The Vietnam War is often portrayed in postwar popular culture as a conflict fought primarily by reluctant draftees who, donning peace symbols, listening to Rock, and smoking marijuana, held values incompatible with achieving military success there. These generalizations point to the entanglement of societal and soldier culture during the Vietnam War. This dissertation argues that rapid communications and travel collapsed the timeframe for people, news, cultural trends, and popular culture to reach the war zone and penetrate the rank-and-file mass culture, thereby making possible the entanglement between American society and American soldiers in Vietnam. The “soldier culture” that evolved in Vietnam was shaped not only by soldiers’ immersion in mass culture, but also by the twin priorities of surviving a one-year tour of duty and returning to civilian life. The troubling behaviors that military commanders noticed in Vietnam’s final years—“fraggings,” combat refusals, and drug abuse—were logical conclusions of a rank-and-file whose intent on surviving merited an entirely different set of norms, values, and behaviors from those who were alternatively focused on securing success.
This dissertation is organized into two parts that emphasize an ethnographic approach to understanding soldiers’ culture. The first half of this dissertation traces how and why soldiers fashioned their own cultures during the war.
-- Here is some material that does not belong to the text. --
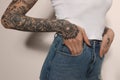 Woman with tattoos on arms against light background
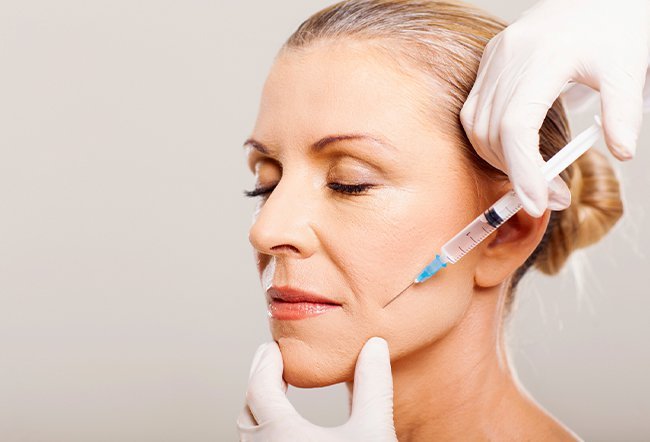 Deep wrinkles near the mouth (also known as perioral wrinkles) appear when ligaments around the mouth and chin loosen. Get rid of deep wrinkles around your mouth by eating an antioxidant-rich diet, adopting healthy lifestyle habits and using good skincare products.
The second half describes how soldier culture was not singularly determinative of what soldiers thought or how they acted. Two chapters focus on black soldiers, explaining that as they consumed mass culture and read letters from home, their worldview was influenced by their constant negotiation and renegotiation of their liminal position between societal and soldier culture.
Vietnam-era soldier culture continues to have enduring power in American popular culture and was also emulated by future generations who fought in Iraq and Afghanistan during the twenty-first century. As veterans communicate elements of soldier culture to civilians in the postwar period, they become the connective tissue that allows the so-called reality of warfare to shape how societies subsequently create or modify discourses about war.